Wengenroth beginnt mit Becketts "Endspiel"-Situation: das Publikum sitzt, wie bei einem politischen Verhandlungs-Marathon, an langen Konferenztischen, in der Mitte der blinde Hamm im Rollstuhl, sein Diener Clov mit steifen Beinen, zwei philosophierende Dominas ganz in Schwarz, die eine auf einem Feldbett, die andere stets erotisiert wippend auf einem Gymnastikball. Beckett war 50er-Jahre, heute ist alles noch viel schlimmer: Unsere Krise heißt Globalisierung. Wengenroth legt den ganzen ersten Teil allen Ernstes als Vorlesung an - und bricht das dann durch scheinbar triviale Pop-Songs und Schlager, die die Philosophie wieder auf den Boden holen.

"Wenn du ein Leben willst, das sich zu leben lohnt, musst du dem Glück imponier'n." (Aus: Udo Jürgens "Nur die Sieger steh'n im Licht")

Von Beckett zu Udo Jürgens, von Nietzsche zu Yvonne Catterfield und von Rilke zu den "Toten Hosen": Das ist das schräge Crossover dieses Abends. Es stellt sich aber schnell heraus, dass die scheinbar trivialen Songs einen ernsten Kern haben, so wie Sloterdijks Texte ja, neben Sarkasmus und treffender Analytik, auch einen Hang ins Schwadronieren aufweisen. Wengenroth hat das durchaus gesehen: Der "Archaische Torso Apollos" ist in Karlsruhe der Torso einer Schaufensterpuppe und besteht aus Styropor. Und einmal tritt eine Sloterdijk-Puppe auf wie in der Muppet-Show - der Schauspieler Klaus Cofalka-Adami imitiert die Sprechweise des Philosophen dabei bis in dieses ständige, unvermeidliche Räuspern hinein.

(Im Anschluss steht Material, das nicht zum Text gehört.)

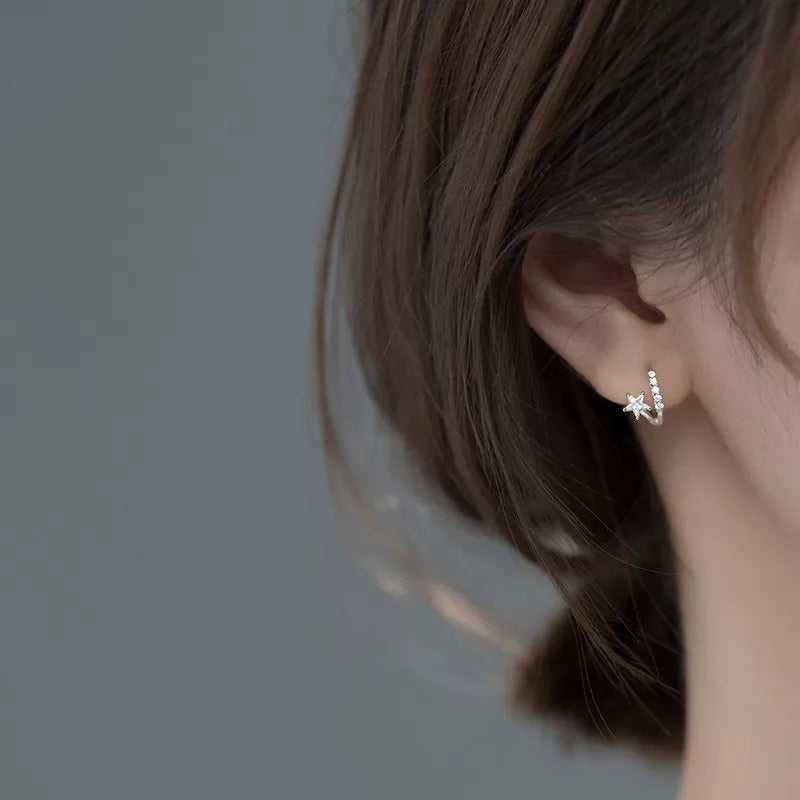 ANYCO Fashion Earrings Silver 925 Sterling Sweet Stars CZ Zircon Huggies Hoop for Women Jewelry Ear Buckles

Vielleicht ist das ja die Lage der Philosophie heute: dass man sich ständig räuspert, aber ansonsten wenig zu melden hat. Dass man die Situation ganz gut analysiert, die "Axiome des übenden Lebens" aber in der politischen Sphäre nicht wirklich ankommen. Auf dem Theater entfaltet Wengenroths subtile Mixtur aus Welterklärungsmodellen und Trivialität einen schönen Sog; wobei es durchaus apart aussieht, wenn der blinde Hamm sich einen Nietzsche-Schnauzer anklebt und sich aus dem Rollstuhl erhebt.

Stefan Viering, der diesen gebrochenen Menschen spielt, singt dann den Grönemeyer-Song von der Angst so herzbewegend lakonisch, dass man fast wieder an die Popmusik glauben könnte. Lisa Schlegel gibt die laszive Lederlady, die einen Schlager von Yvonne Catterfield wie einen Verkündigungs-Text aufsagen kann ("Die Zeit ist reif"), und Antonia Mohr bringt sich selber (und den Saal) fast zum Heulen, wenn sie (von "Wir sind Helden") "Bist du nicht müde" singt.

Ja, wir alle sind sehr müde, von der Bundesregierung bis zum Hartz-IV-Empfänger. Auch Sloterdijks Übungskultur der Askese bringt da zunächst wenig Tröstung. Zum Beginn von Peter Spuhlers Karlsruher Intendanz aber (das Eröffnungswochenende machte so nebenbei die Bühne frei für 20 Jungdramatiker) ist wenigstens das Theater auf einem guten Weg: Dieser relativ stille, unaufwendige Abend stößt uns mehr auf uns selber als viele Großproduktionen.